Regarding "Sized" Types
In Rust, all types are either sized or unsized. Sized
is a trait which is implicitly placed on
every type with a known, constant type at compile time. In Rust, the notion of a type being Sized
refers to whether or not its reasonably able to tell the size at compile time. Unsized types, such
as dynamically sized typed, are stored on the heap and referenced via a pointer.
As stated previously, Rust is a statically typed language, meaning variables (amongst other tokens within the language) must be known at compile time.
However, especially in more trait-oriented code bases you may be dealing with dynamically sized types, which while useful for demonstrating polymorphic and scalable code, it can introduce some extra complexities in consuming those particular APIs.

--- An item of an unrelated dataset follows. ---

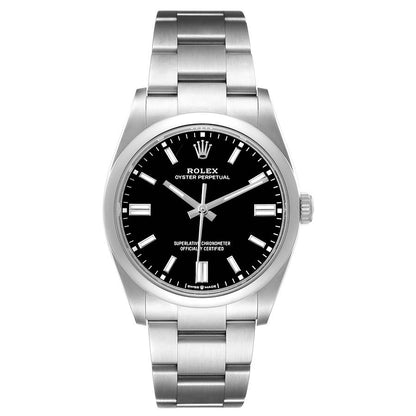 Rolex Oyster Perpetual Steel Black Dial Mens Watch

All local variables, functions parameters, const items, and static items (variables on the stack)
must be Sized
.
Luckily, the pointer type in Rust is always Sized
- this is why we are able to declare &str
, but
cannot use str
:
let sized_str: &str = ""; // string literals always default to &str
If we dereference sized_str
, which will give us str
, the compiler will throw an error indicating
that it cannot possibly know the size of str
:
let unsized_str: str = *""; // string literals always default to &str
error[E0277]: the size for values of type `str` cannot be known at compilation time
|
| let let unsized_str: str = *"";
| ^^^^^^ doesn't have a size known at compile-time
|
str
on its own is actually an undefined slice of u8
, or [u8]
. This does not have a defined
size, which is why &str
must be used. &str
refers to the actual slice of bytes stored on the
heap with a pointer, which is Sized
.
Why does this matter?
This section may seem out of place, but later when dealing with more exotic and dynamic types, such as in the context of Substrate, this will aid in understanding the decisions of the various APIs that Substrate exposes. Trait objects (and their respective virtual tables), smart pointers, and other dynamically sized types all become more commonplace in bigger projects that allow for more decisions centered around the types of the APIs themselves to take place.
Rust comes with different ways to deal with unsized types, which become increasingly more commonplace when dealing with more generic codebases, where not all items are completely defined.